In this webinar we present our amyloid peptides, inhibitors and labelled secretase substrates that are widely used in the research of Alzheimer’s disease. The deposition of amyloid β-peptide (Aβ) in the brain is characteristic for the disease and the resulting plaques mainly consist of Aβ (1-40) and Aβ (1-42). Despite of progresses in the understanding of the pathology of Alzheimer‘s disease, therapeutic strategies still rely on detailed knowledge of the molecules involved. Research covers the enzymatic processing of the amyloid precursor protein as well as the fate of the cleavage products.
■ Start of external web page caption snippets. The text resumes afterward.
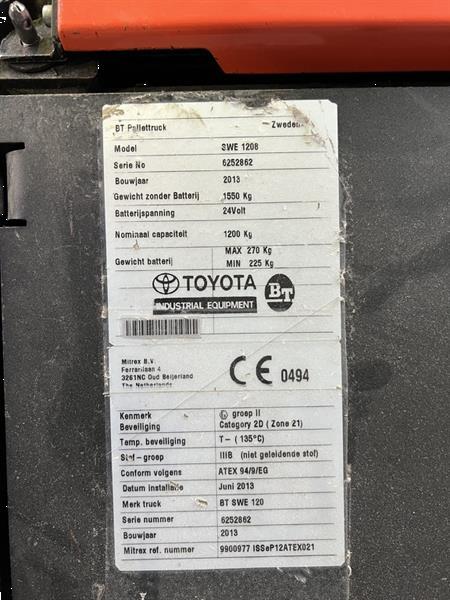 Grote foto swe 120 s atex ex mitrex 2d zone 21 new battery doe het zelf en verbouw hefwerktuigen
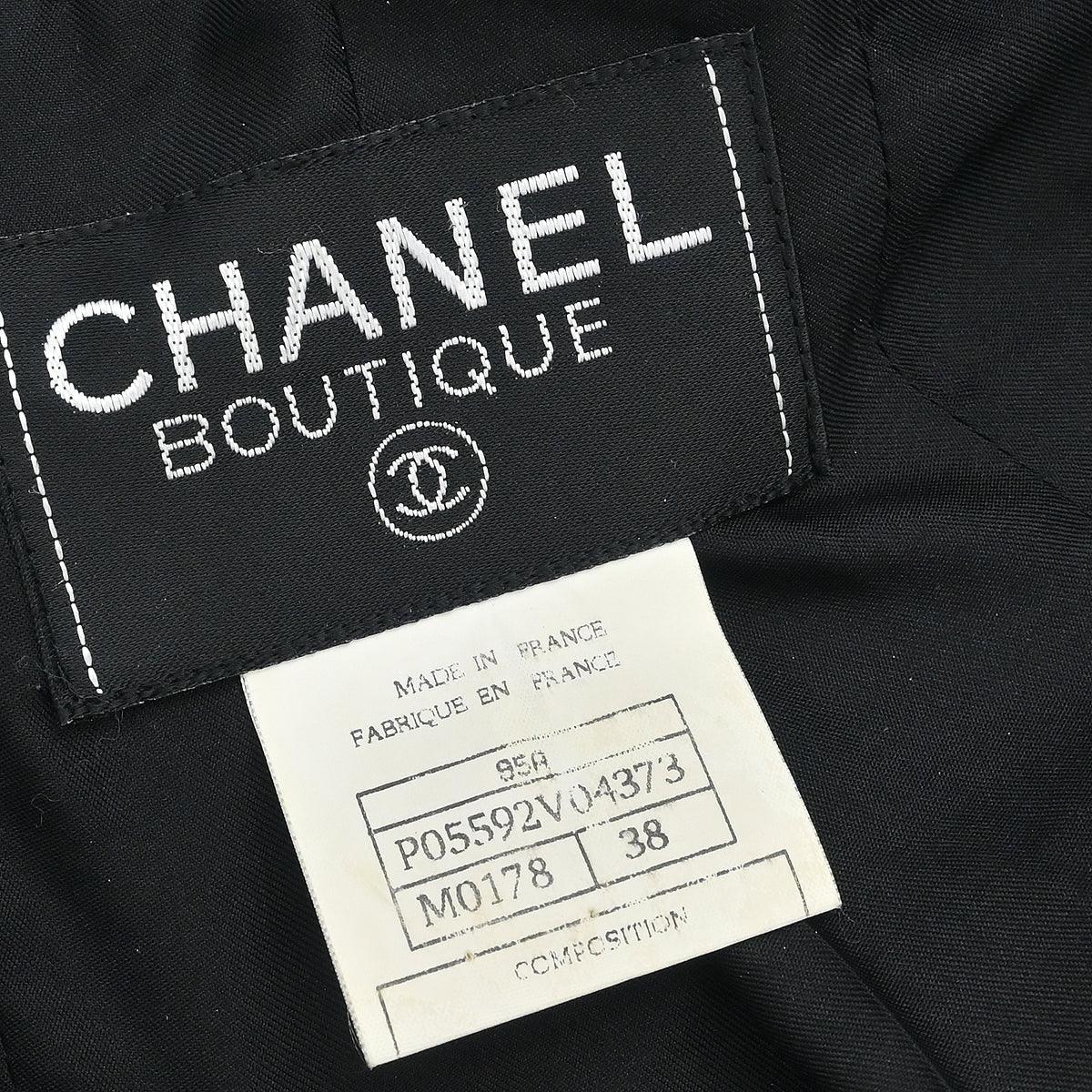 Chanel 1995 Double Breasted Jacket Navy #38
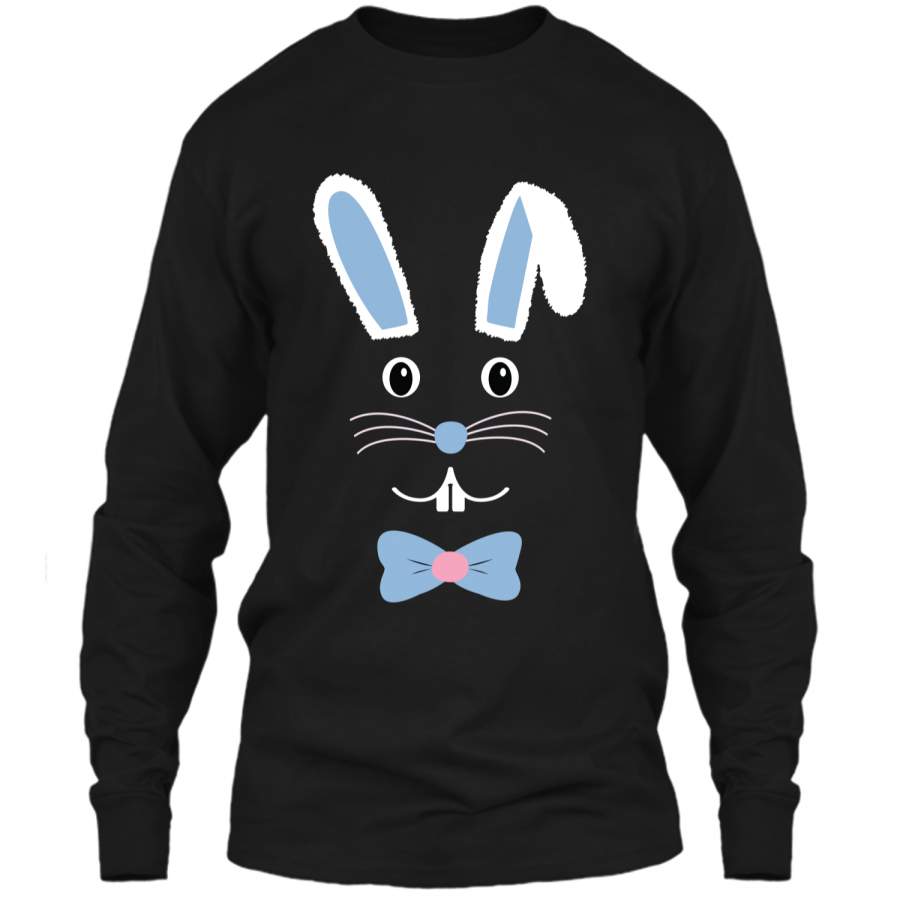 Cute Easter Bunny with Bowtie T-Shirt LS Ultra Cotton Tshirt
Important enzymes include α, β- and γ-secretases, which cleave the amyloid precursor protein and define the composition of the resulting physiological peptides. Cleavage by β- and γ-secretases generates amyloid β-peptides. Inhibiting those enzymes has been suggested as a specific therapeutic intervention in preventing the progression of Alzheimer‘s disease. Cleavage products like amyloid β-peptides are e.g. used for in vitro aggregations studies.